Task directions: Exactly as written, retype all of the records that come next.

(Records from a dataset)
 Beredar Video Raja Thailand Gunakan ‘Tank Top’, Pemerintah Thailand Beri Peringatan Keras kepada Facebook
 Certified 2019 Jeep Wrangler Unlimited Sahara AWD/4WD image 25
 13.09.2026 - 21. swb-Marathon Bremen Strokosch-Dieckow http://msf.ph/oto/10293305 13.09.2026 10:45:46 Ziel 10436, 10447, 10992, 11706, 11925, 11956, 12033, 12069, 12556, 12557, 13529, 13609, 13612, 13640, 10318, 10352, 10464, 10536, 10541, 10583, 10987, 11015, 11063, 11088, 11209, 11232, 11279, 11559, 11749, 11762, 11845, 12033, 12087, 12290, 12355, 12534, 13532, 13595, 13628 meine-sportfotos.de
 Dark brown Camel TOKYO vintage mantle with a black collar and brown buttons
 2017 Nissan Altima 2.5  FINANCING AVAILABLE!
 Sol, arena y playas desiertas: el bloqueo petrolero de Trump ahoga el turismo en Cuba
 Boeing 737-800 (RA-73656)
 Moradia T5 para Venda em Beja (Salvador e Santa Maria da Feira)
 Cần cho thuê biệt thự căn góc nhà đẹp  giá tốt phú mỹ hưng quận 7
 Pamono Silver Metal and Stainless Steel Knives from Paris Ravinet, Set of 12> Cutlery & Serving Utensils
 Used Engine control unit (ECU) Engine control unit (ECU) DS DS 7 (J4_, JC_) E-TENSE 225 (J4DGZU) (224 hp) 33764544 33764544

Your solution:
 Beredar Video Raja Thailand Gunakan ‘Tank Top’, Pemerintah Thailand Beri Peringatan Keras kepada Facebook
 Certified 2019 Jeep Wrangler Unlimited Sahara AWD/4WD image 25
 13.09.2026 - 21. swb-Marathon Bremen Strokosch-Dieckow http://msf.ph/oto/10293305 13.09.2026 10:45:46 Ziel 10436, 10447, 10992, 11706, 11925, 11956, 12033, 12069, 12556, 12557, 13529, 13609, 13612, 13640, 10318, 10352, 10464, 10536, 10541, 10583, 10987, 11015, 11063, 11088, 11209, 11232, 11279, 11559, 11749, 11762, 11845, 12033, 12087, 12290, 12355, 12534, 13532, 13595, 13628 meine-sportfotos.de
 Dark brown Camel TOKYO vintage mantle with a black collar and brown buttons
 2017 Nissan Altima 2.5  FINANCING AVAILABLE!
 Sol, arena y playas desiertas: el bloqueo petrolero de Trump ahoga el turismo en Cuba
 Boeing 737-800 (RA-73656)
 Moradia T5 para Venda em Beja (Salvador e Santa Maria da Feira)
 Cần cho thuê biệt thự căn góc nhà đẹp  giá tốt phú mỹ hưng quận 7
 Pamono Silver Metal and Stainless Steel Knives from Paris Ravinet, Set of 12> Cutlery & Serving Utensils
 Used Engine control unit (ECU) Engine control unit (ECU) DS DS 7 (J4_, JC_) E-TENSE 225 (J4DGZU) (224 hp) 33764544 33764544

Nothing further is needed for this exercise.